He shook some hands and the cameras flashed as he settled into his seat, the star of the SEC’s latest must-see TV show.
If the Texas A&M quarterback was troubled by all the attention, he didn’t show it.
Dressed in a dark blue suit, checkered shirt and striped tie, Manziel answered every question thrown his way during the 30-minute Q&A, some were even about football. He said he largely enjoys the spotlight that comes with winning the Heisman Trophy — even if it sometimes includes unsavory headlines.
“This is just another day,” Johnny Football said with a grin.
The 20-year-old sophomore and face of college football spent most of his three-hour stay at the Wynfrey Hotel bouncing from one interview session to another. He mostly talked about an eventful offseason that has frequently made him a trending topic.
“I don’t feel like I’ve done anything that’s catastrophic,” Manziel said. “Of course, I’ve made my mistakes. It’s time to grow up.”
The most recent misstep came last weekend at the Manning Passing Academy. Manziel was one of many college quarterback counselors at the camp for high school prospects run by Archie, Peyton and Eli Manning in Louisiana, but he left before it was over.
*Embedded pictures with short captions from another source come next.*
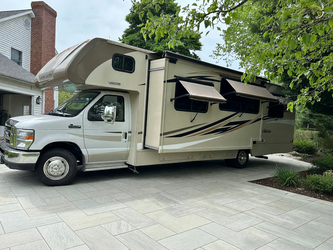 2016 Class C Winnebago Minnie Winnie in like new condition
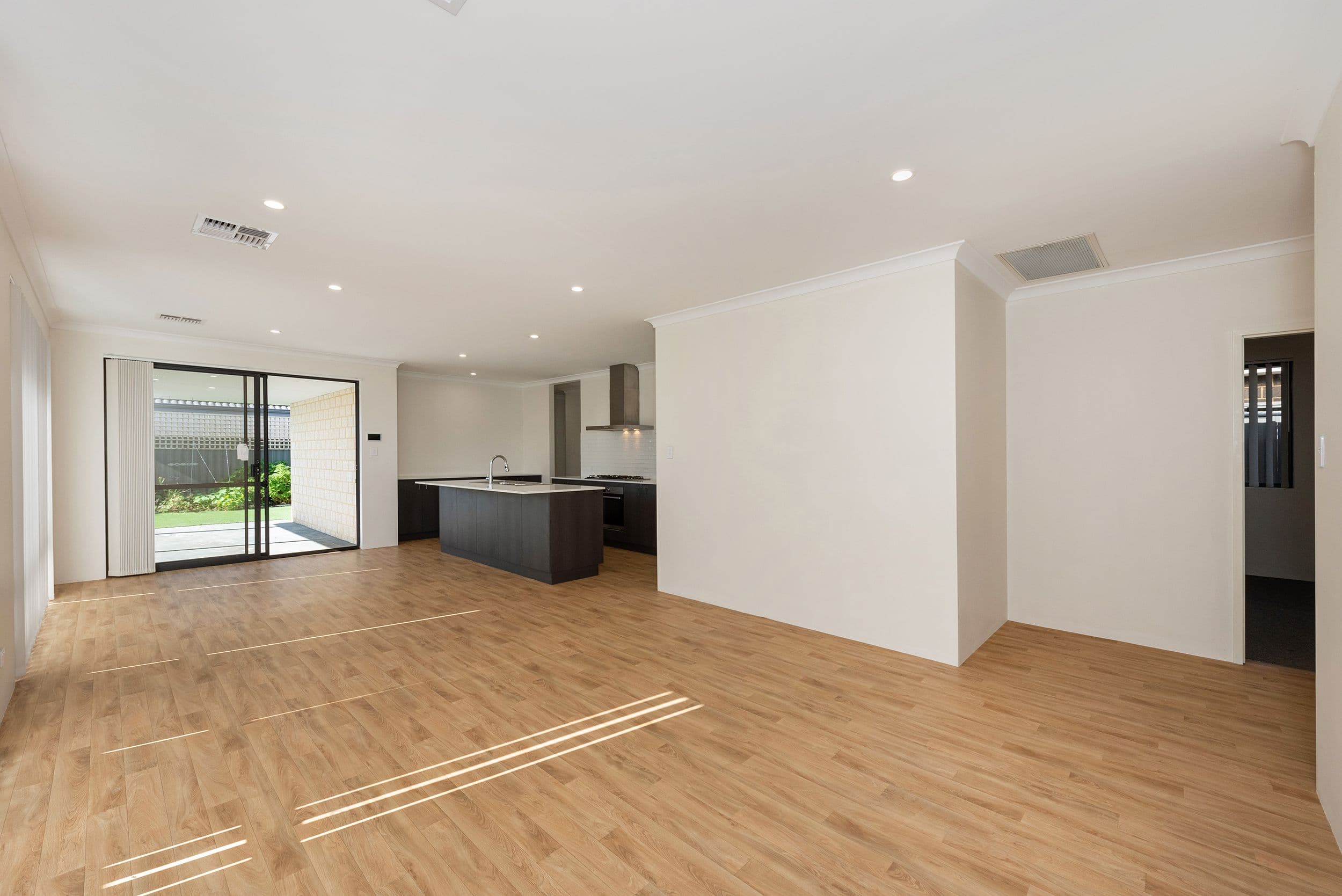 32 Beaufortia Crescent, Baldivis WA 6171, Baldivis - Thumbnail 6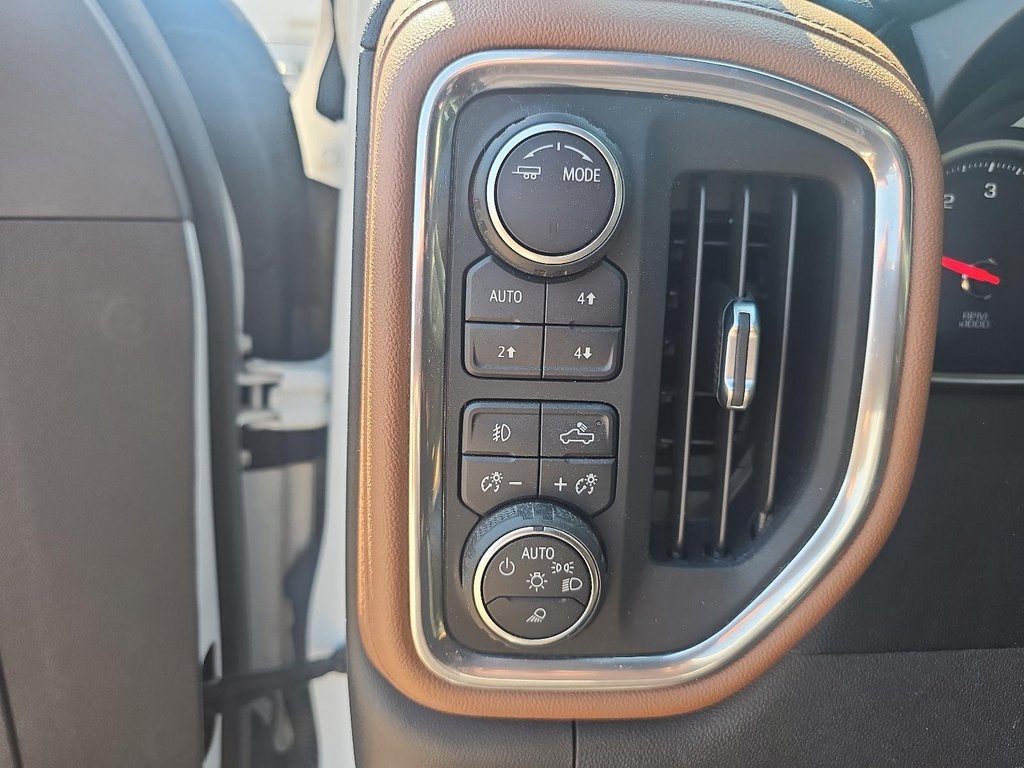 2021 Chevrolet Silverado 1500 Crew Cab 4x4 High Country / Short Box in Brantford, Ontario - 14 - w1024h768px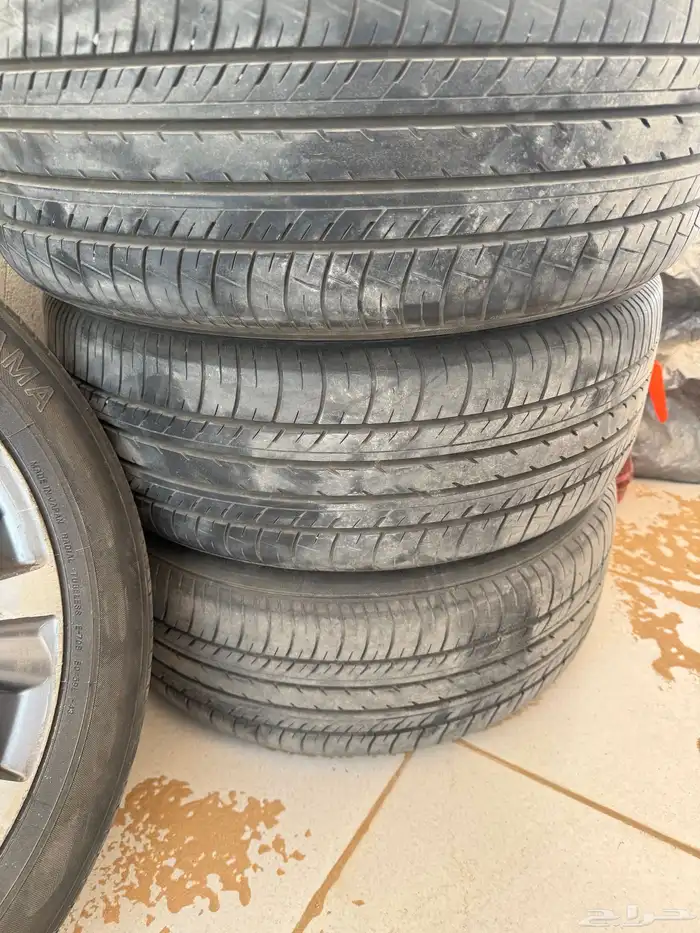 للبيع جنوط لكزس Es350 2019 مع كفرات 2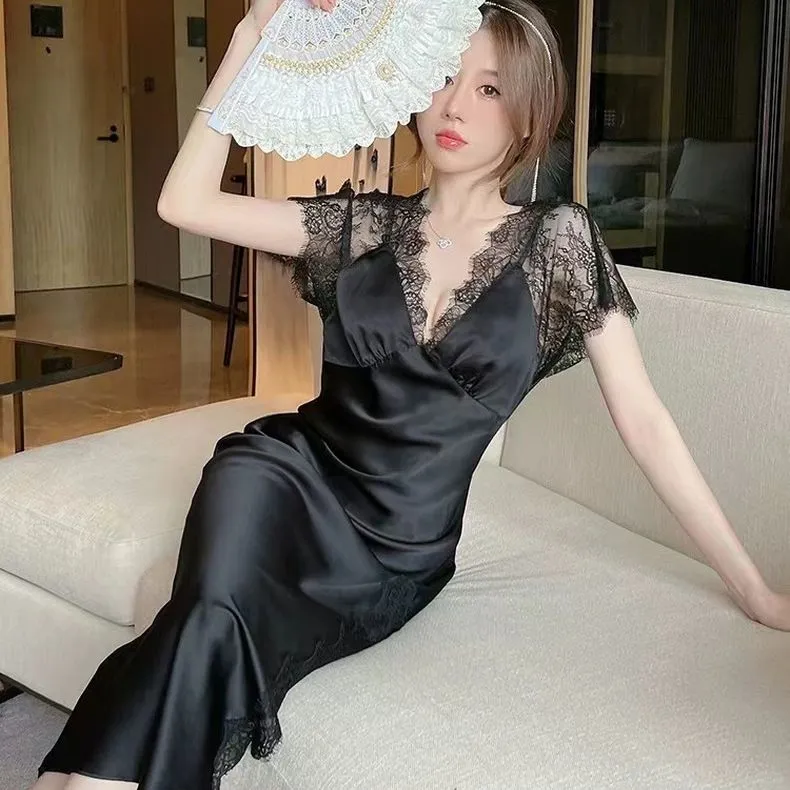 🌙人间尤物✨性感黑睡裙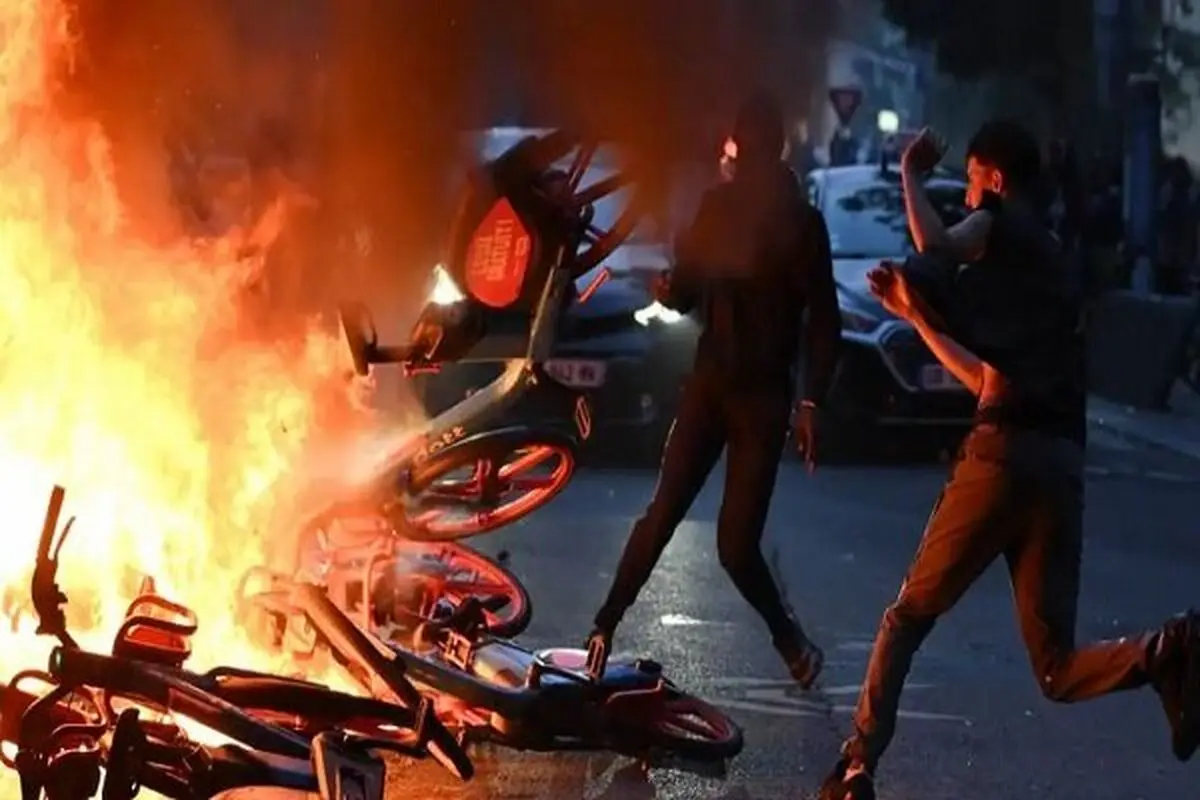 بازداشت ۴۱۶ نفر در ناآرامی‌های فرانسه پس از پیروزی پاری‌سن‌ژرمن
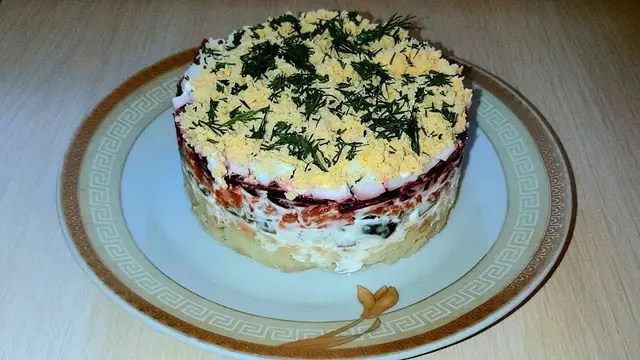 Салат со свёклой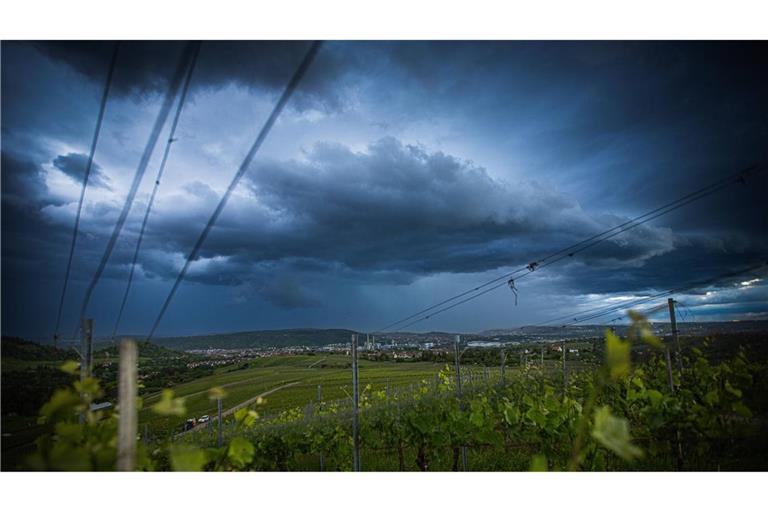 Dunkle Wolken am 1. Juni über Stuttgart.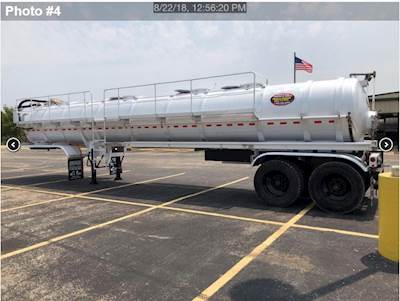 Troxell Vacuum Tank Trailer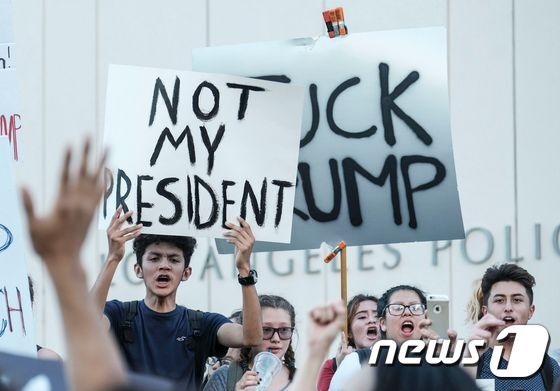 9일(현지시간) 도널드 트럼프의 당선에 반대하는 시위대가 캘리포니아 LA 시청앞에서 시위를 벌이고 있다. © AFP=뉴스1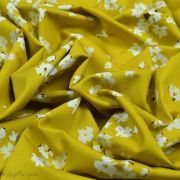 Tissu popeline de coton motif fleurs "Mayfair" de Amy Sinibaldi - Ocre - Oekotex - AGF ® Art Gallery Fabrics ® - Tissus - 3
He says he missed activities because he “overslept,” and his absence had nothing to do with being out the night before.
“I was not asked to leave. It was a mutual decision,” Manziel said.
He said that while there were social events every night with the Mannings, he did not miss his meetings because of too much partying.
“The speculation of me being too hung over and that’s the reason I missed the meetings is absolutely incorrect,” he said.
Manziel said he fell asleep without setting his alarm and his phone died during the night. He said he was rooming with Alabama quarterback AJ McCarron, but that McCarron didn’t wake him up.
“I’m definitely not going to pin it on him,” Manziel said. “It’s my fault — 115, 120 percent.”
He said he was disappointed he missed camp activities, but that there were “no hard feelings” between him and the Mannings. He said he’s already been invited back to next summer’s camp and looks forward to attending.
The early exit from the Manning camp is just part of Manziel’s offseason in the public eye.
He pleaded guilty on Monday to a misdemeanor of not identifying himself to a police officer following a 2012 altercation at a bar near campus in College Station.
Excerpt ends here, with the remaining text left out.